Please restate exactly the lines from the one holding "Таблица 1. Эхокардиографические" to the end of the material, including both ends and excluding every picture.

DATA:
● ● ● ●
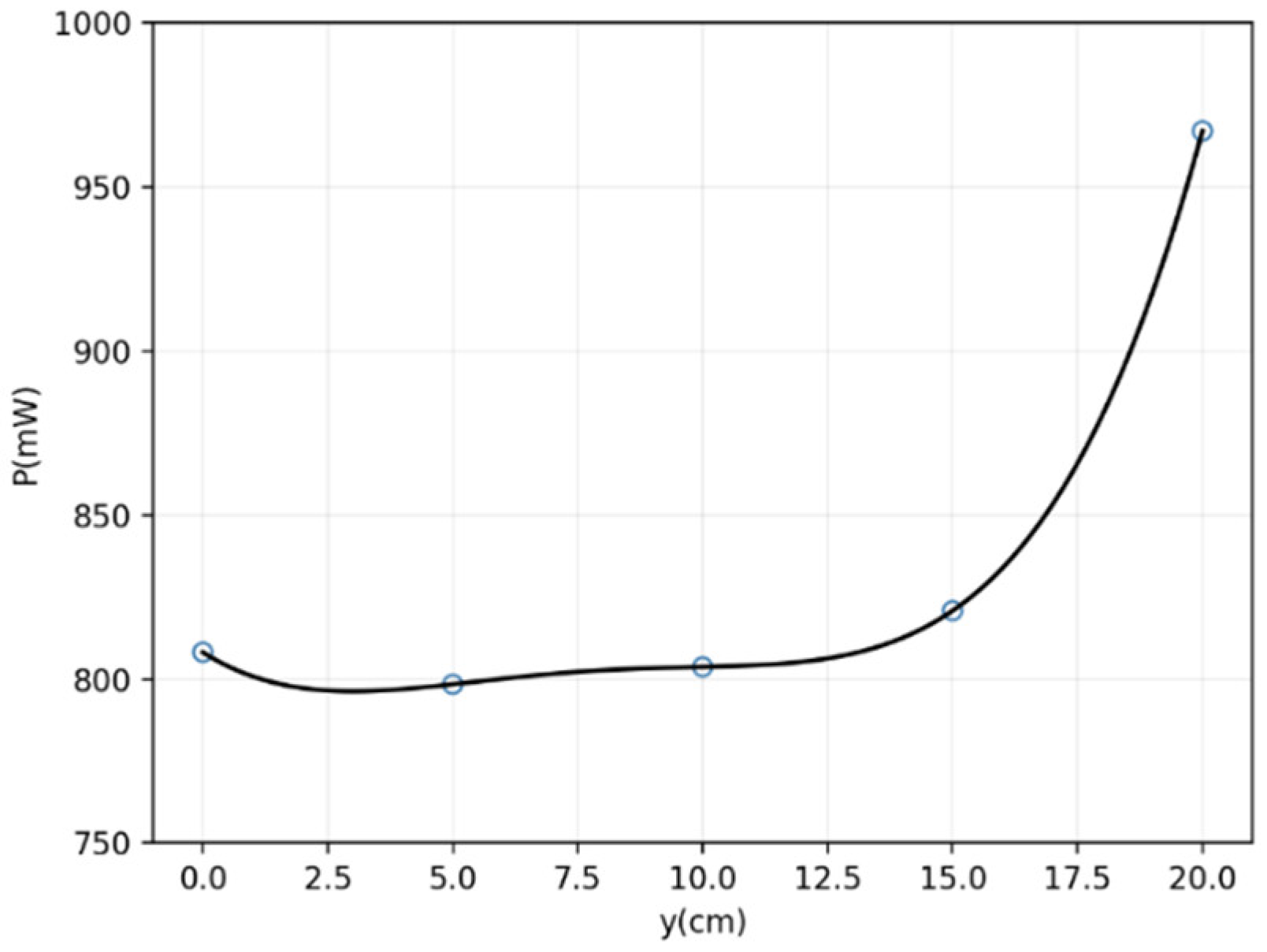 Micromachines 13 01884 g008 Micromachines 13 01884 g008
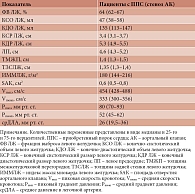 Таблица 1. Эхокардиографические параметры пациентов, n = 42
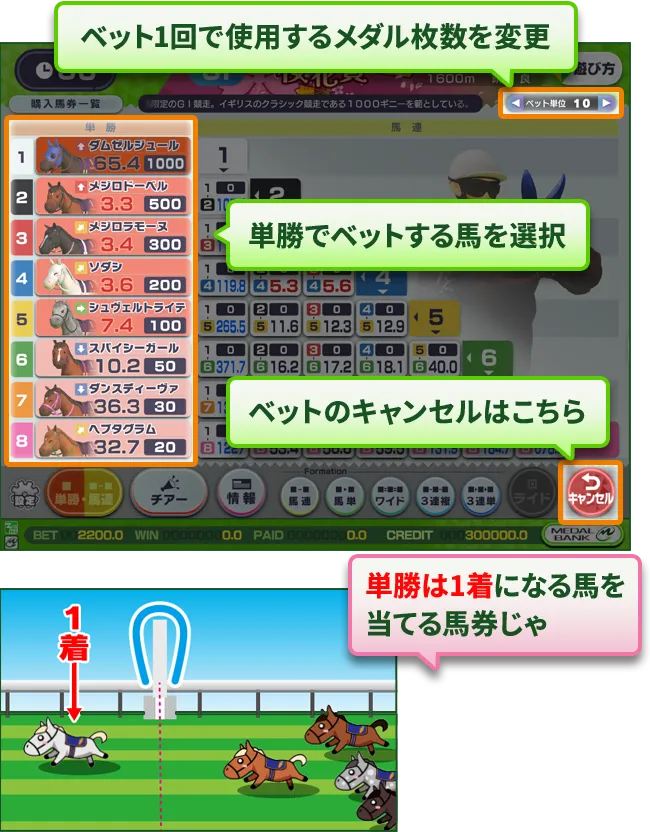 的中リザルト画面内容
● ● ● ●
RESULT BELOW:
 Таблица 1. Эхокардиографические параметры пациентов, n = 42
 的中リザルト画面内容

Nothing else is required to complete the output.